RiddleSense: Reasoning about Riddle Questions Featuring Linguistic Creativity and Commonsense Knowledge
This dataset addresses the lack of resources for evaluating advanced natural language understanding abilities, specifically linguistic creativity and higher-order commonsense reasoning, for the NLU research community.
This paper introduces RiddleSense, a new multiple-choice question answering task and dataset of 5.7k examples, designed to evaluate complex commonsense reasoning, figurative language understanding, and counterfactual reasoning in riddle-style questions. Their evaluation shows a significant gap between the best-supervised model and human performance.

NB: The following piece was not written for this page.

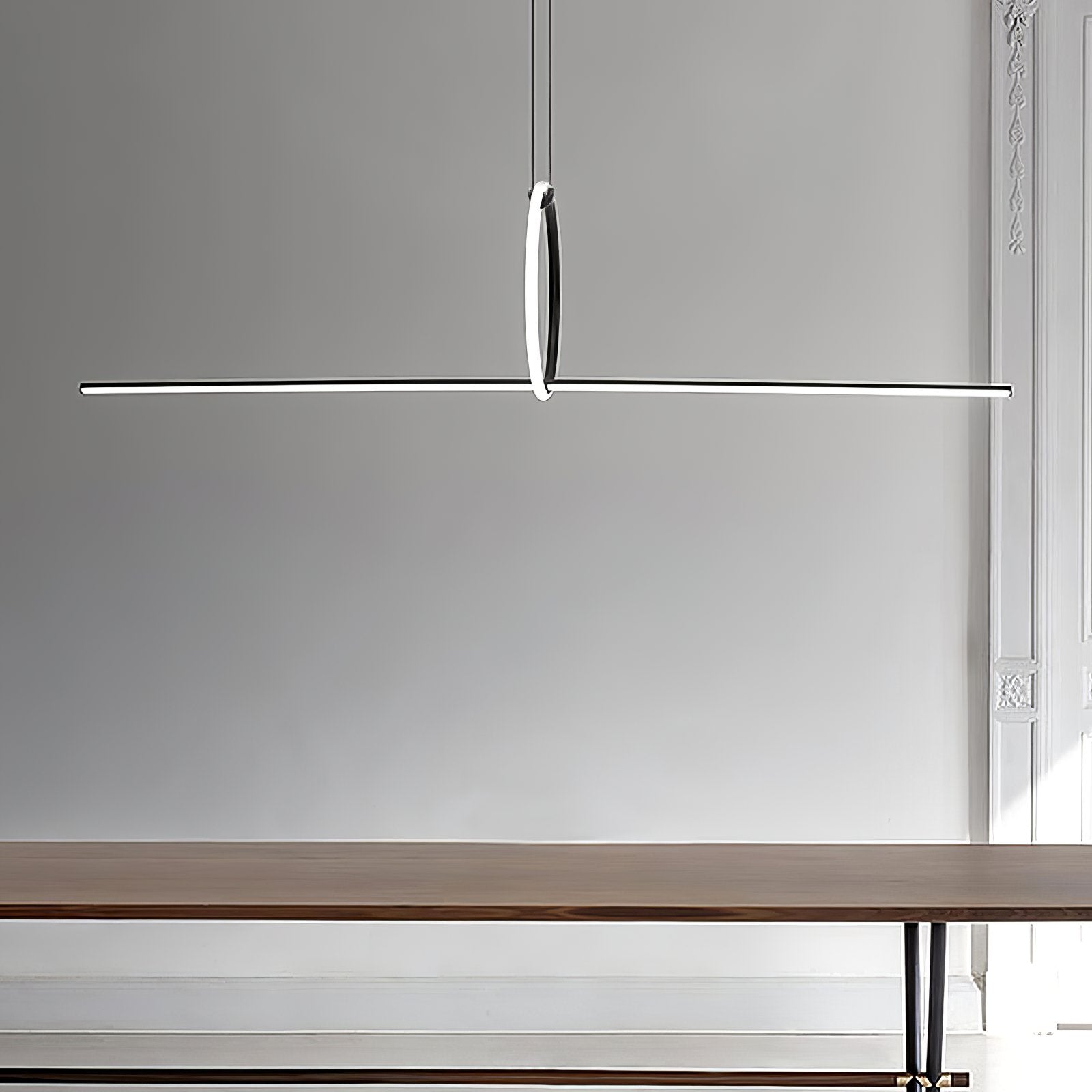 modern-geometric-linear-led-pendant-light-black-iron-kitchen-island-chandelier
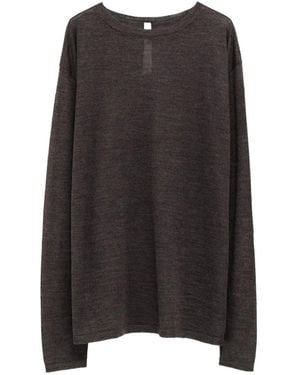 Lauren Manoogian Klassisches Langarmshirt - Schwarz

Question: I have five fingers but I am not alive. What am I? Answer: a glove. Answering such a riddle-style question is a challenging cognitive process, in that it requires complex commonsense reasoning abilities, an understanding of figurative language, and counterfactual reasoning skills, which are all important abilities for advanced natural language understanding (NLU). However, there are currently no dedicated datasets aiming to test these abilities. Herein, we present RiddleSense, a new multiple-choice question answering task, which comes with the first large dataset (5.7k examples) for answering riddle-style commonsense questions. We systematically evaluate a wide range of models over the challenge, and point out that there is a large gap between the best-supervised model and human performance -- suggesting intriguing future research in the direction of higher-order commonsense reasoning and linguistic creativity towards building advanced NLU systems.